A developer to build a server-based command-line application that will accept a multi-channel (up to 4 channels) audio file (AIFF/FLAC) and segment / diarise the entire file based on audio signals on each channel.
Segmenting must take into account who is speaking (on one of the channels) and be able to cleanly extract segments (by way of individual time markers in a JSON file).
The audio is relatively clean (limited background noise) but will contain some overtalking (two people speaking at the same time), rapid transitioning (person 1 is speaking and person 2 start nearly immediately after person 1 ends speaking) and other 'conversational characteristic' areas where advanced separation techniques need to be deployed.

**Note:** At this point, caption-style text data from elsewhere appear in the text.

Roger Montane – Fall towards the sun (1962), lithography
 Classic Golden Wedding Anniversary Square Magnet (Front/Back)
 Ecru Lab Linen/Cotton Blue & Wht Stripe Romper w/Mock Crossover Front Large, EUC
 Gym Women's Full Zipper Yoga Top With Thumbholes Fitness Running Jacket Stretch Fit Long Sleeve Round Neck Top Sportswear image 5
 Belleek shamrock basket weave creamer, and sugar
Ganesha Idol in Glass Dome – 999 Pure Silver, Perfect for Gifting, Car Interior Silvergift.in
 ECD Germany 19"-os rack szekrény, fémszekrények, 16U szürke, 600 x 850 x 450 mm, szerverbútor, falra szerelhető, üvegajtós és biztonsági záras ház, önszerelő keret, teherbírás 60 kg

Development needs to server-centric and programmatically triggered. We will send an audio file and expect back a JSON file of highly accurate segmented data (not fooled by quick transitions, non-human harmonics, non-speech noises).
Please supply a synopsis of how you would develop a solution (technology / steps / conditions / constraints / output) with your summarised CV for consideration. Previous expertise is appreciated. Please also identify any advanced technique (ie: PCA) that you plan to adopt.
Please read thru the introductory spec carefully - ask questions - please include a PROPOSED SOLUTION - The PROPOSED SOLUTION does not have to be optimal or viable, but it will indicate to us that you understand the challenge we are trying to solve.